Elin tüm hareketini sağlayan bileğin doğru kullanılmaması sonucu ortaya çıkan ve ellerde hissizlik şeklinde kendini gösteren karpal tünel sendromu hastalığı, kadınlarda erkeklere oranla 4 kat daha fazla görülüyor. Daha çok ellerini kullanan meslek gruplarında görülen hastalık, erken tedavi edilmezse elde işlev kaybına kadar giden kalıcı rahatsızlıklara neden olabiliyor.
Memorial
Kayseri Hastanesi Beyin, Sinir ve Omurilik Cerrahı Doç. Dr. Cüneyt Göçmez, elin
tüm hareketini sağlayan bileğin doğru kullanılmaması sonucunda ortaya çıkan
karpal tünel sendromunun, toplumun yüzde 2'sini etkisi altına alan bir hastalık
olduğunu söyledi.

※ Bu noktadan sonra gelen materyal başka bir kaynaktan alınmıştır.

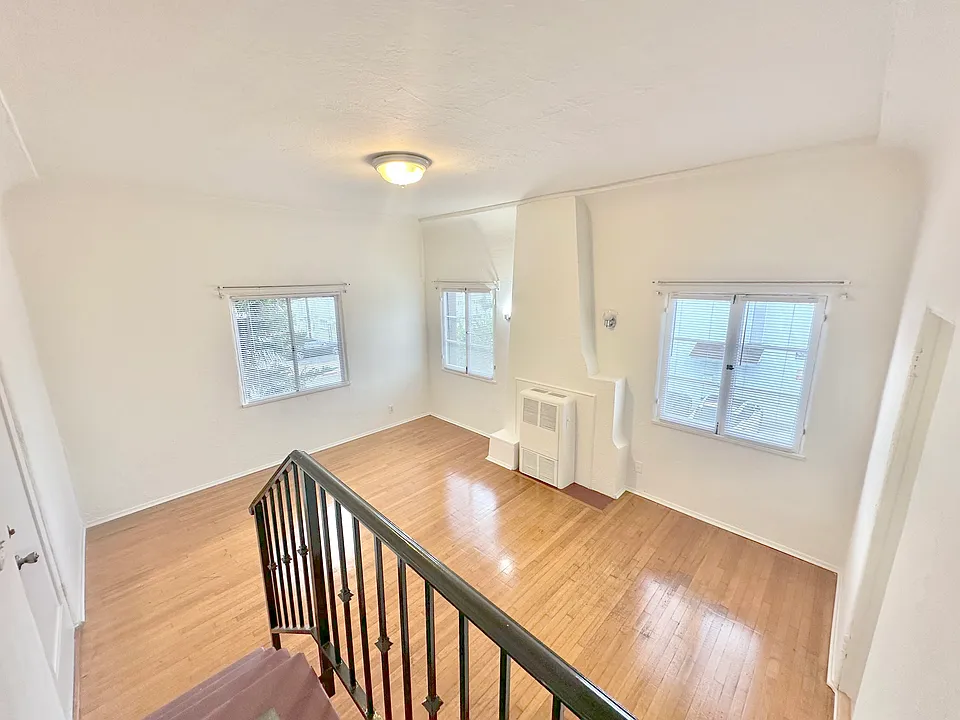3816 Watseka Ave #8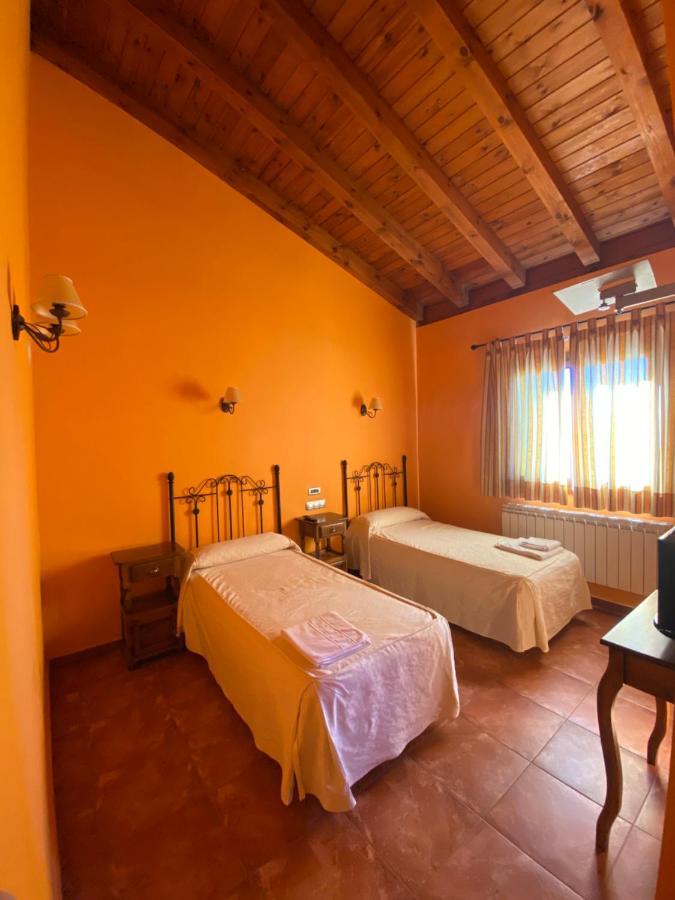 Hotel Hosteria De Monzon Monzón de Campos Esterno foto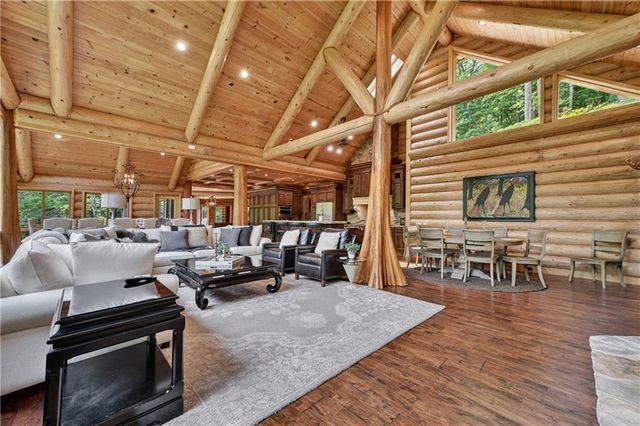 192 Delphi Hills Lane, Mccaysville, GA 30555
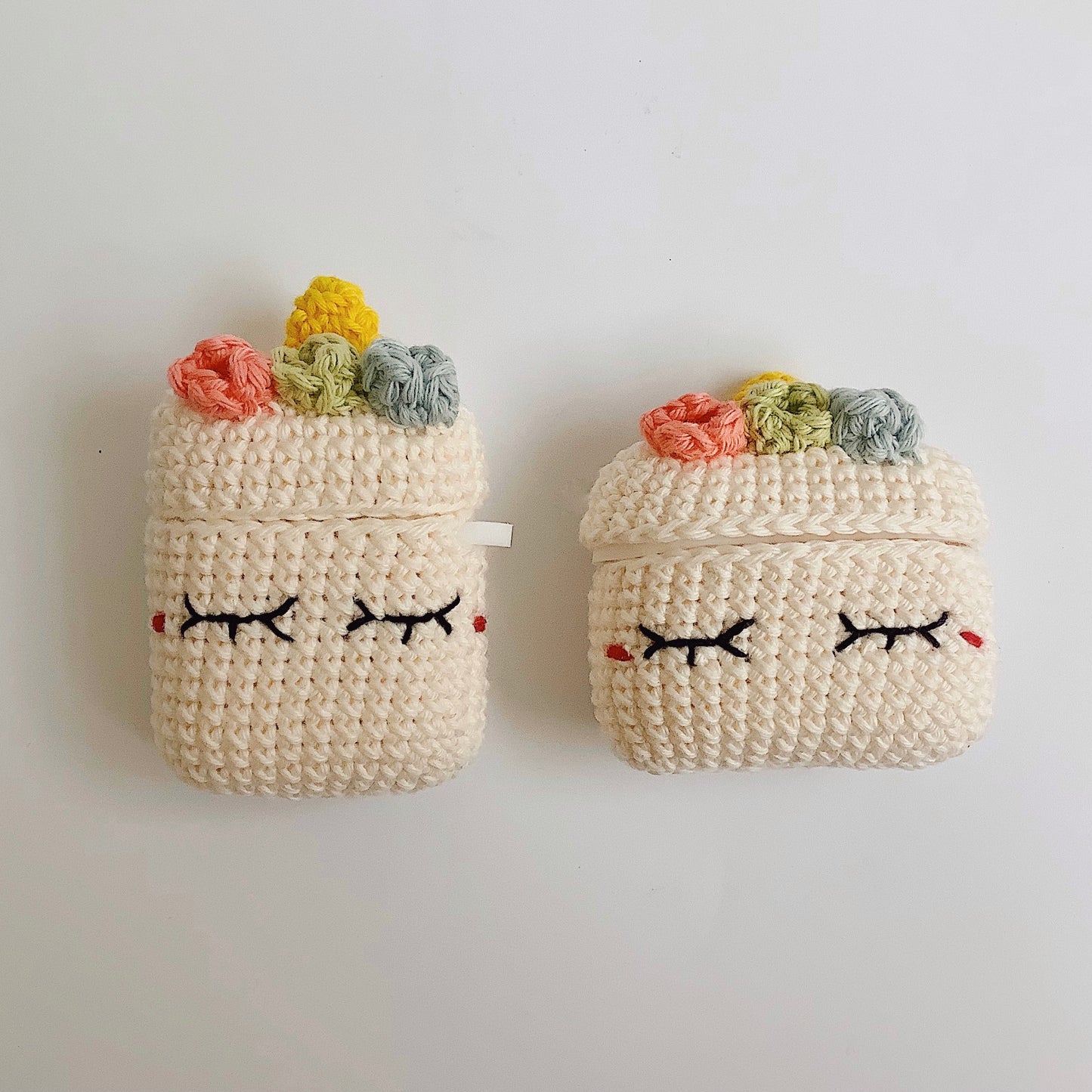 VIDEO + Pattern Tutorials Airpods Crochet with Silicone Case | Unicorn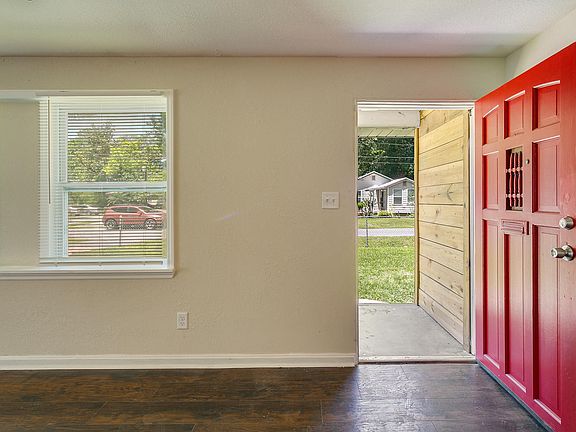 4th image of 3490 Lowell Ave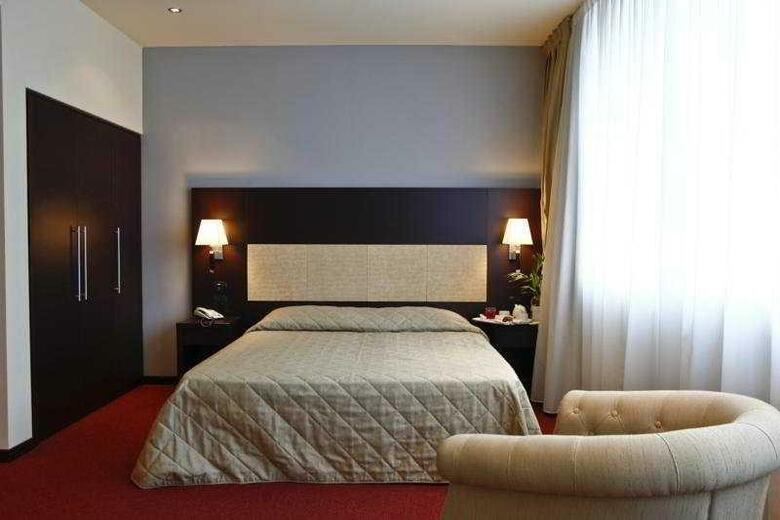 Hotel Tuscany Inn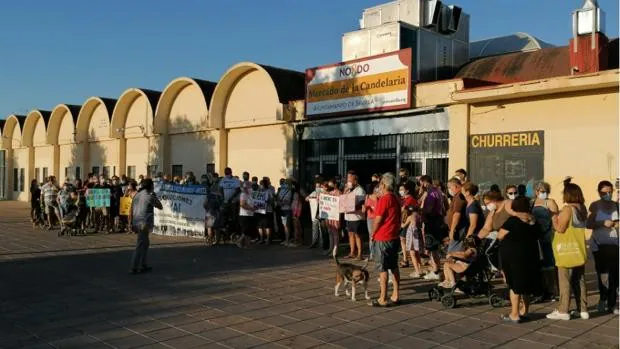 Los vecinos denuncian 'macrobotellones' en el barrio de Los Pajaritos de Sevilla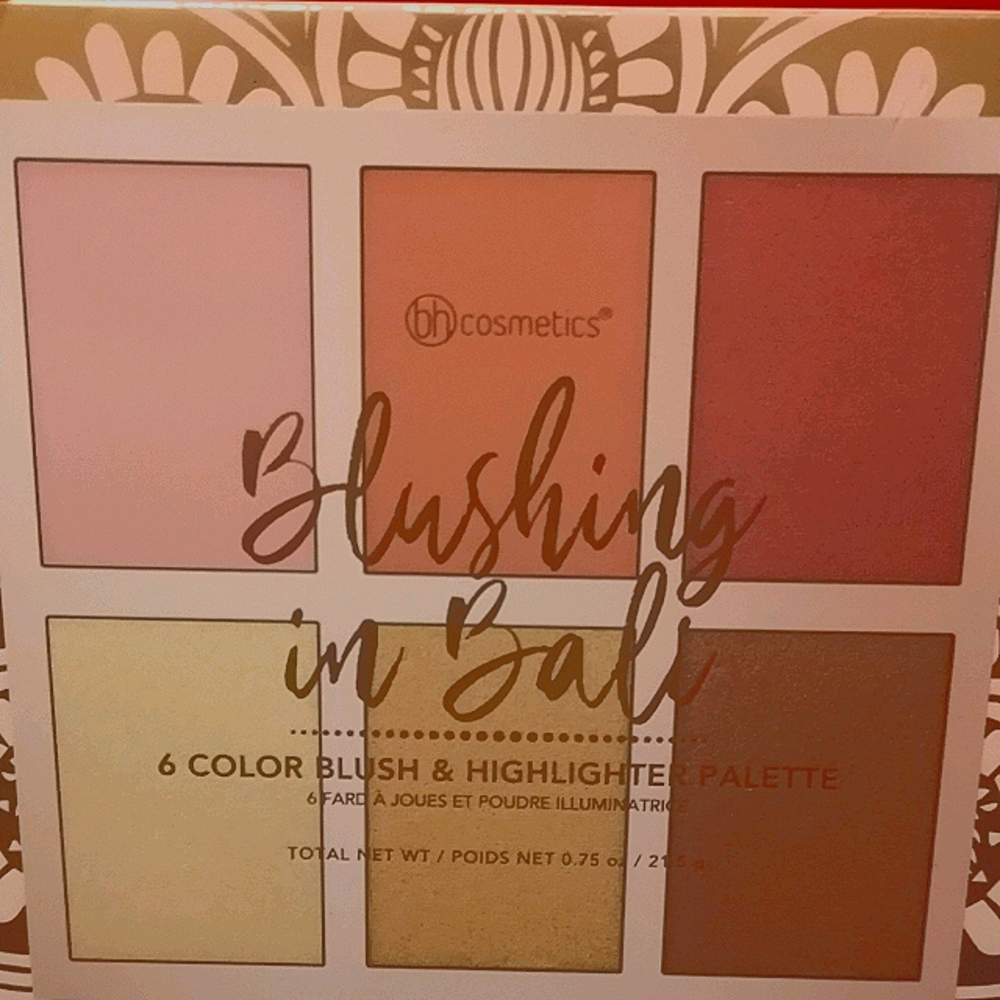 Brand new b&h Blushing in Bali Palette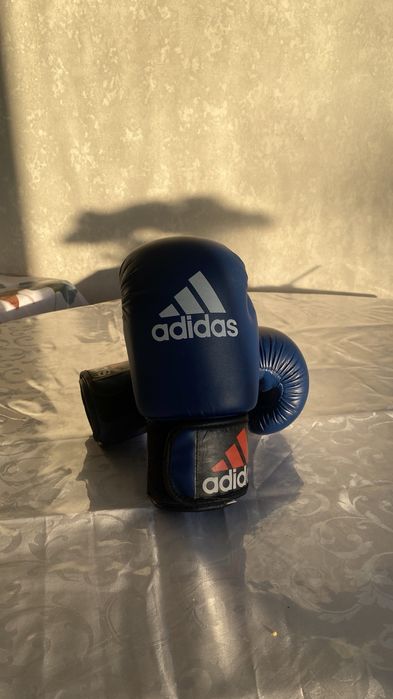 Перчатки для бокса, в хорошем состаяние,исползавали месяц.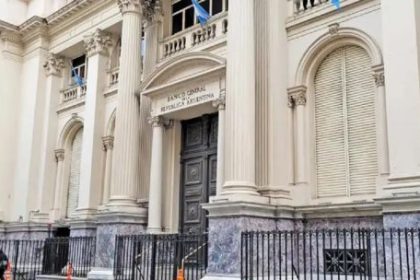 nuevamente-el-banco-central-compro-fuerte-dolares-para-reservas:-lleva-mas-de-13-mil-millones-en-este-2026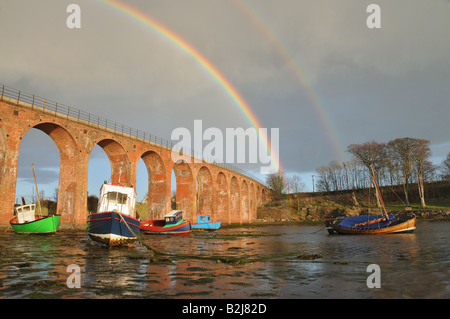 Regenbogen über Viadukt in Montrose, Angus, Tayside, Schottland. Stockfoto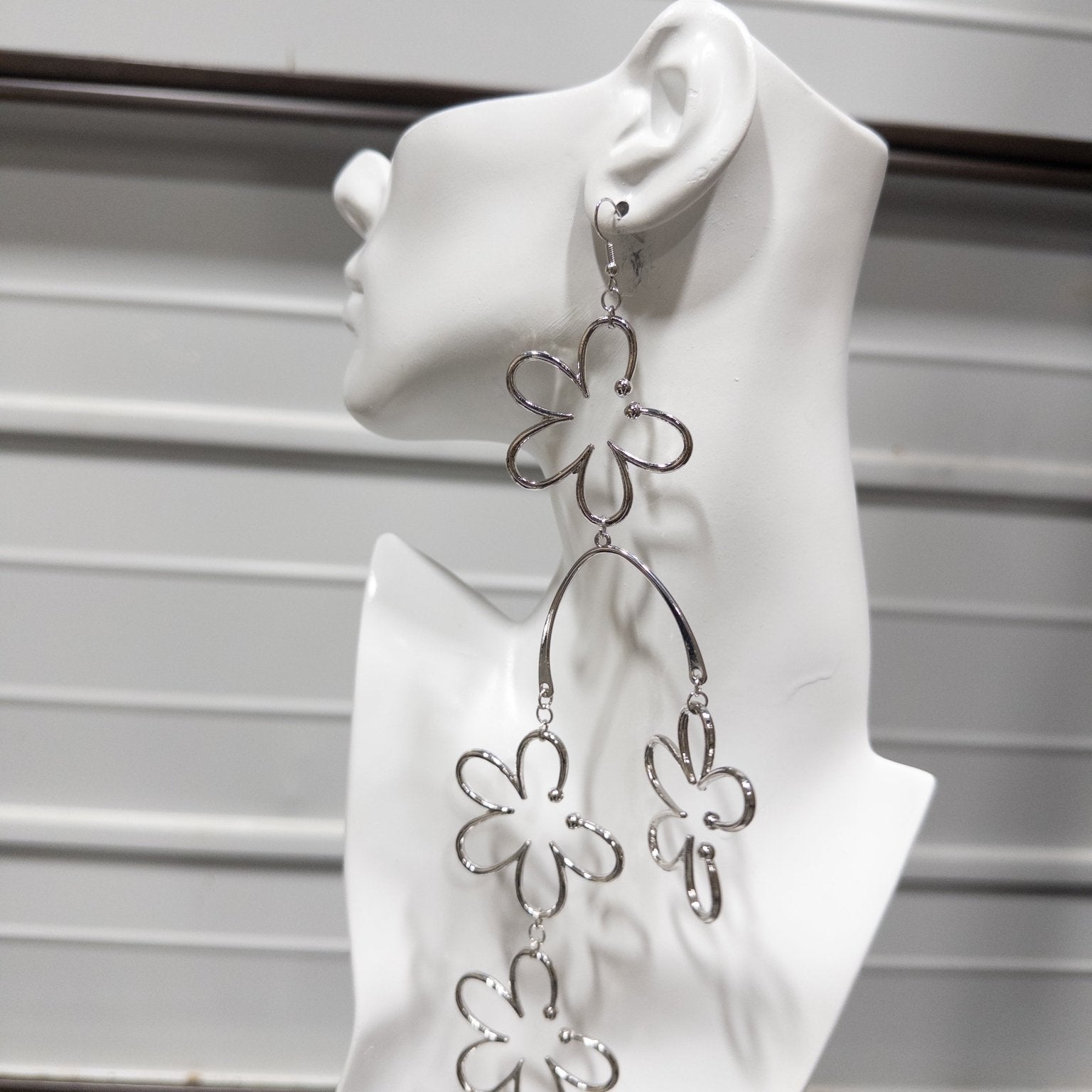 Daisy Drop Dangling Earrings - Trufacebygrace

Bu hastalığın, baş, işaret ve orta parmakların hareketinden
ve duyusundan sorumlu sinirin bilekte sıkışması sonucu ortaya çıktığını
belirten Göçmez, "Ev kadını, marangoz, berber, şoför ve çiftçi gibi meslek
grupları ile mouse ve klavye kullanan ofis çalışanları, voleybol, basketbol ve
golf türü sporlarla uğraşanlar karpal tünel sendromu riski grubunda
insanlardır. Sendrom, 'karpal' adı verilen tünelin çatısını oluşturan yapının
kalınlaşmasına neden olur. Uzun süre bilek hareketi yapılması ve bileğin
zorlanması da kalınlaşmayı belirginleştirir. Bilekteki kalınlaşma, diyabet,
hipotiroidi, beyin tümörü ve gut hastalıkları söz konusu olduğunda da görülür.
Karpal tünel sendromu, erkeklere göre kadınlarda 4 kat daha fazla ortaya çıkar
ve obezite ile gebelikte oluşma riski artar. Bilekten başlayarak parmaklara
kadar yayılan uyuşma, karıncalanma ve sızlamayla belirti veren hastalık; el ve
parmaklara uyuşma, elde hakimiyet kaybı ile elin kullanılamaz hale gelmesine
sebep olabilir." diye konuştu.
Karpal
tünel sendromunun boyun fıtığı ya da kireçlenmeyle karıştırıldığını belirten
Göçmez, belirtileri hakkında şu bilgileri verdi: "Hastalık, boyun fıtığı,
boyunda daralma ya da boyundaki bir tümör oluşumuyla karıştırılabilir. Bu
nedenle hastanın şikayetleri ve öyküsü ayrıntılı bir şekilde
değerlendirilmelidir. Tanıyı kesinleştirmek için EMG ve MR gibi görüntüleme
tekniklerinden yararlanılmalı. Özellikle EMG, sinir üzerindeki elektrik akımını
ölçerek basının hangi bölümde olduğunu göstermesi bakımından önemlidir."
Doç. Dr.
Göçmez, tedavide öncelikli amacın sinirin bası altından kurtarılması olduğunu
belirterek, "Bu bası avuç içine yapılan 1,5-2 santimetrelik cerrahi müdahale
ile ortadan kaldırılmaktadır. Lokal anestezi ile yapılan işlem sonrası hasta
aynı gün normal yaşamına geri döner ve elini kullanmaya başlar. Ameliyat
sonrası şikâyetlerin yüzde 97 oranında ortadan kalktığı görülmüştür. Hastalığın
ameliyat sonrası da tekrarlama riski yok denecek kadar azdır." dedi.